== GIVEN DATA

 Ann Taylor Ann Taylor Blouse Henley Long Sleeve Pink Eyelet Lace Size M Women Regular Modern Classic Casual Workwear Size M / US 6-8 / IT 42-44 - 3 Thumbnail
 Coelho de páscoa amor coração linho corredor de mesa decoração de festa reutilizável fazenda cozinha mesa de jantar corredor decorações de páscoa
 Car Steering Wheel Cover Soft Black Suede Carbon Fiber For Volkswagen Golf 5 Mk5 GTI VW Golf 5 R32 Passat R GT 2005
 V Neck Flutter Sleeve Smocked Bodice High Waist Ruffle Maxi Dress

====
== GIVEN DATA

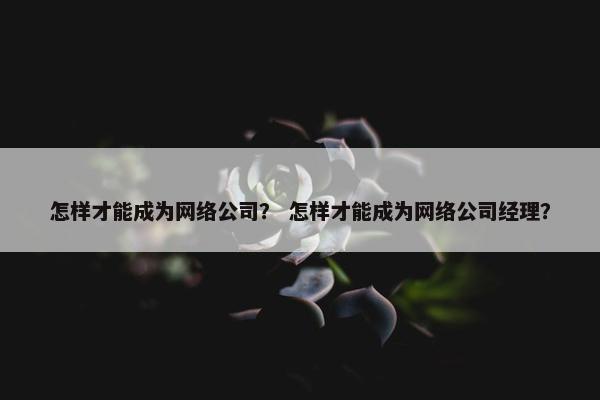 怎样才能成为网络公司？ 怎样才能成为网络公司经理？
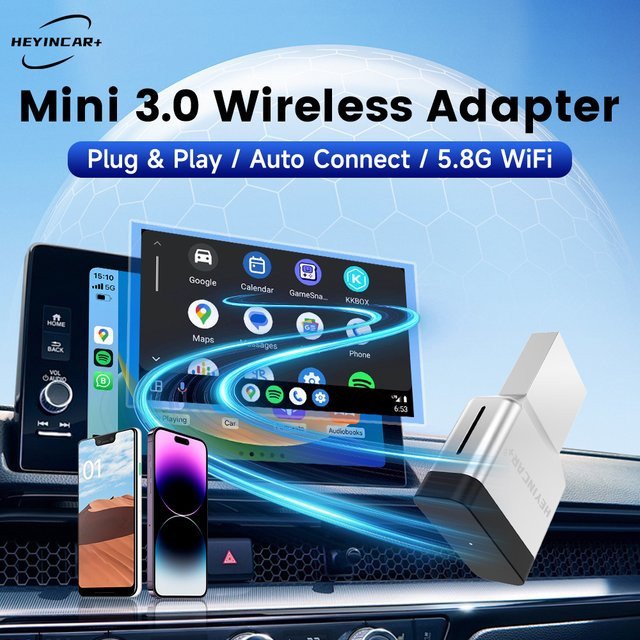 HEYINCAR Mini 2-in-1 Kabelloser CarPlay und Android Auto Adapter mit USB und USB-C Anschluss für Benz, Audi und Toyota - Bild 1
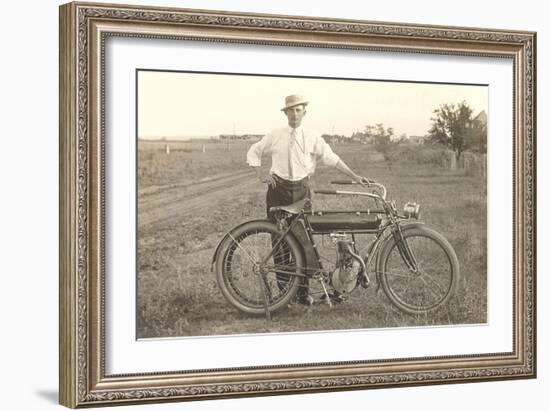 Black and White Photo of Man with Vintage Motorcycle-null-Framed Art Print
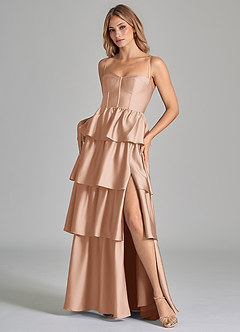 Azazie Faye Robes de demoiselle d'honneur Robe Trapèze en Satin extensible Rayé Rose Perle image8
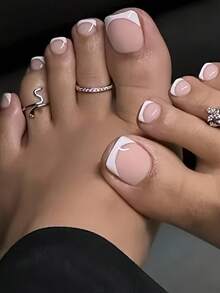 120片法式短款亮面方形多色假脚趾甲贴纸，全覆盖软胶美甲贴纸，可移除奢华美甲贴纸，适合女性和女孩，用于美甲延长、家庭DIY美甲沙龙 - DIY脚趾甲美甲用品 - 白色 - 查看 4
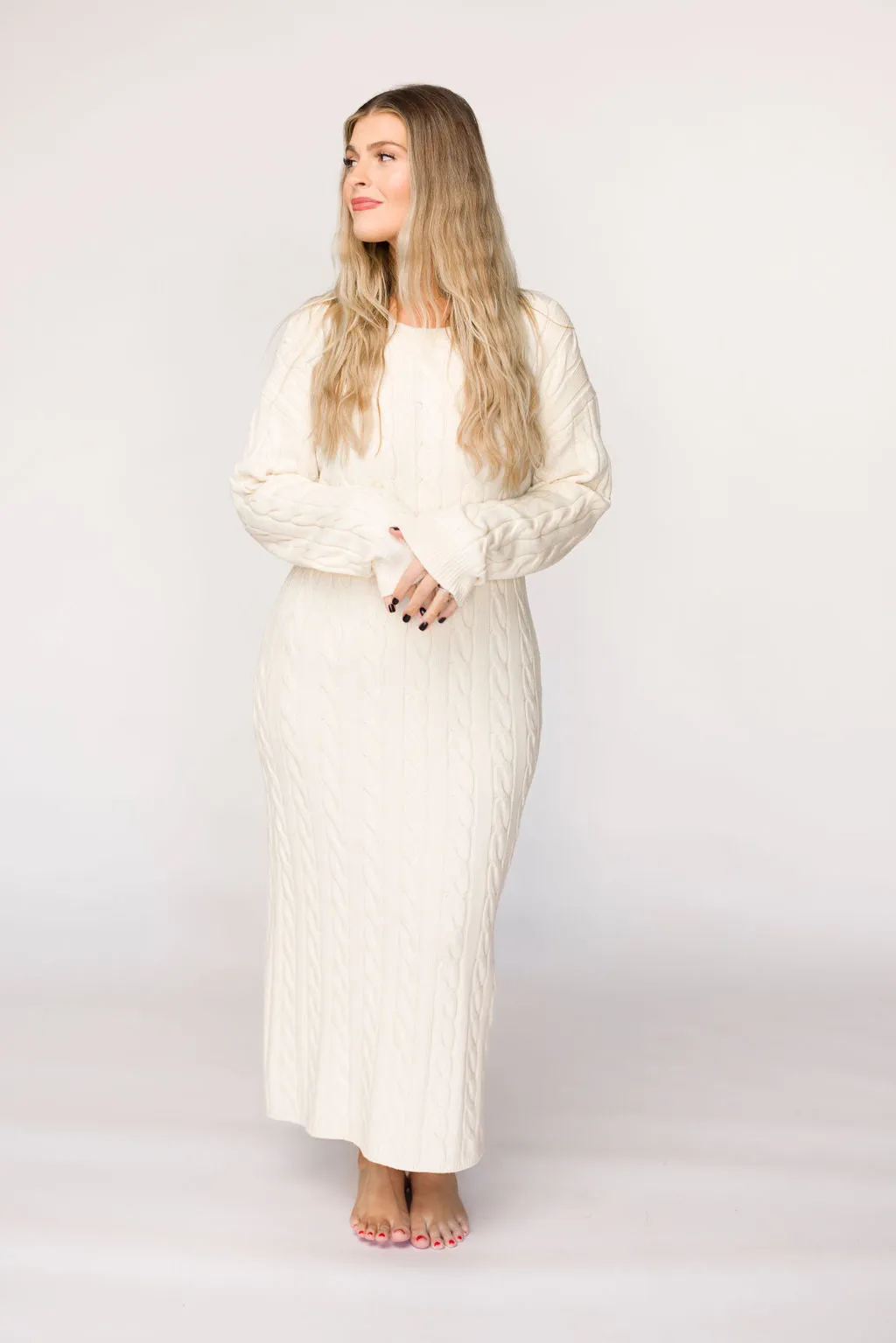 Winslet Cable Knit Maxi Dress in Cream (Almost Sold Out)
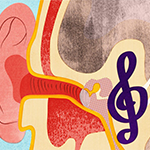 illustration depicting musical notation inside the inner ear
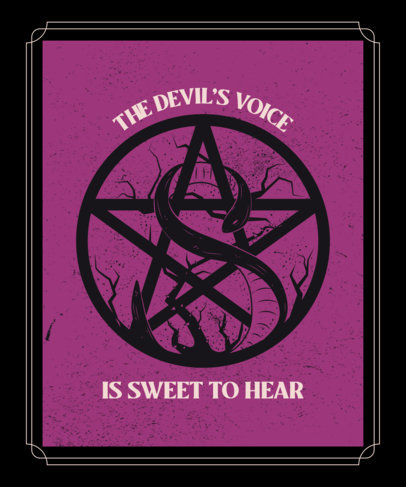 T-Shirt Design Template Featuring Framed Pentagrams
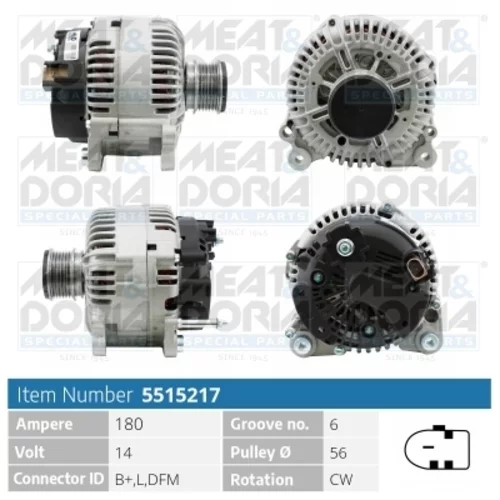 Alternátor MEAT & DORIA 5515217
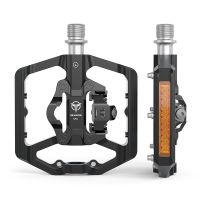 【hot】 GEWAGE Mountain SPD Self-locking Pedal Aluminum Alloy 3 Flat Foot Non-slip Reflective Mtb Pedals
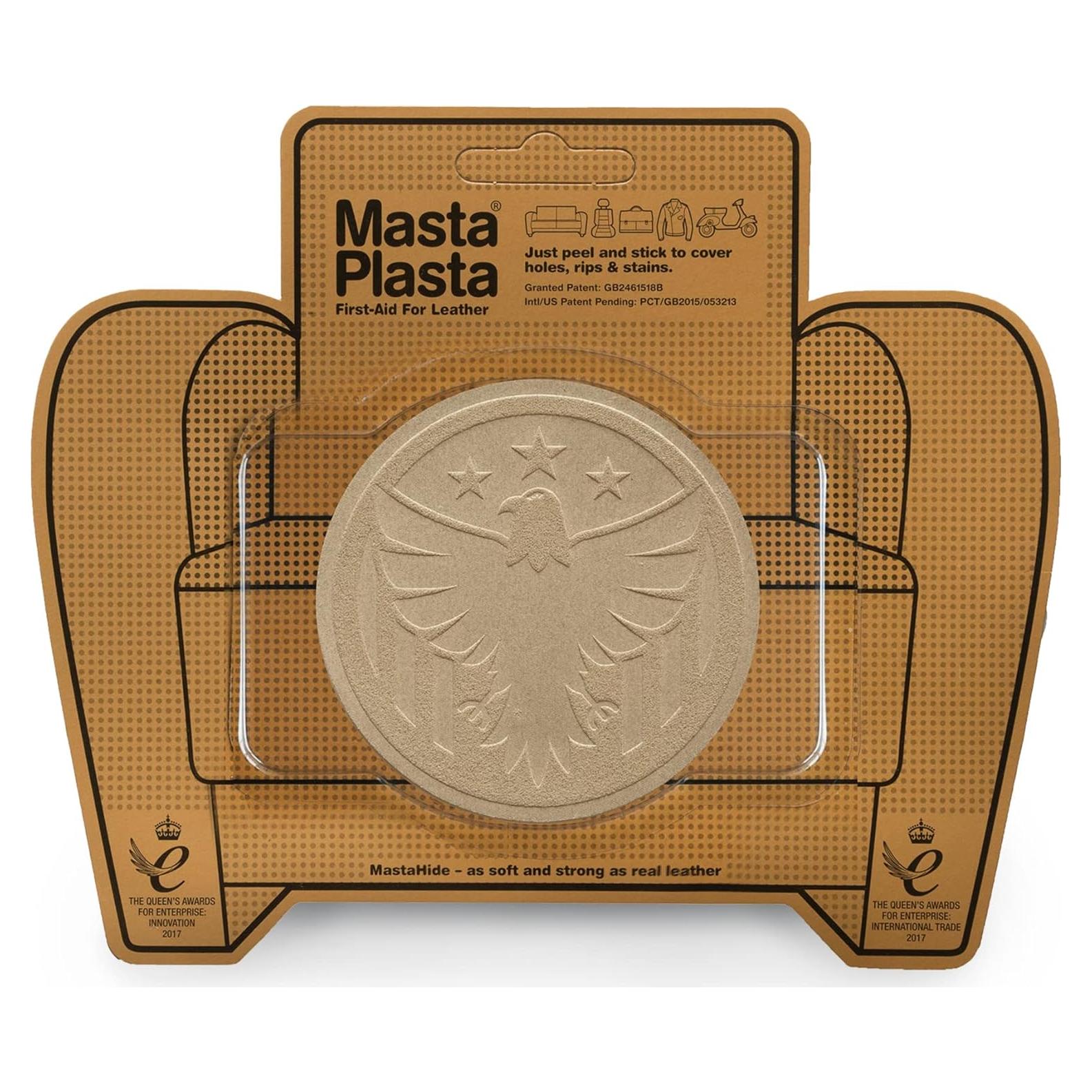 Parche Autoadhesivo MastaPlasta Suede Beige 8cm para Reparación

====

AIM OF THE EXERCISE - Of the lines above, quote exactly those from the one with "illustration depicting musical" through the one with "Parche Autoadhesivo MastaPlasta", ends included; pictures stay out.

RESPONSE TO THIS TASK -
 illustration depicting musical notation inside the inner ear
 T-Shirt Design Template Featuring Framed Pentagrams
 Alternátor MEAT & DORIA 5515217
 【hot】 GEWAGE Mountain SPD Self-locking Pedal Aluminum Alloy 3 Flat Foot Non-slip Reflective Mtb Pedals
 Parche Autoadhesivo MastaPlasta Suede Beige 8cm para Reparación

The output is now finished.